= Beginning of Section =

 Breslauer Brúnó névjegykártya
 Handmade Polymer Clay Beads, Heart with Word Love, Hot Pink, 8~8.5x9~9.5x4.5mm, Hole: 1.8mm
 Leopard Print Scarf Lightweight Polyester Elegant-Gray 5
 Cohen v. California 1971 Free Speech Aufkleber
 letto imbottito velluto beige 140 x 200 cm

= End of Section =
= Beginning of Section =

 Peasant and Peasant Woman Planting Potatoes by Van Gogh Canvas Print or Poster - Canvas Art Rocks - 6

= End of Section =

EXERCISE: Filter the entries above down to the lines containing the word "Print".

RESPONSE:
 Leopard Print Scarf Lightweight Polyester Elegant-Gray 5
 Peasant and Peasant Woman Planting Potatoes by Van Gogh Canvas Print or Poster - Canvas Art Rocks - 6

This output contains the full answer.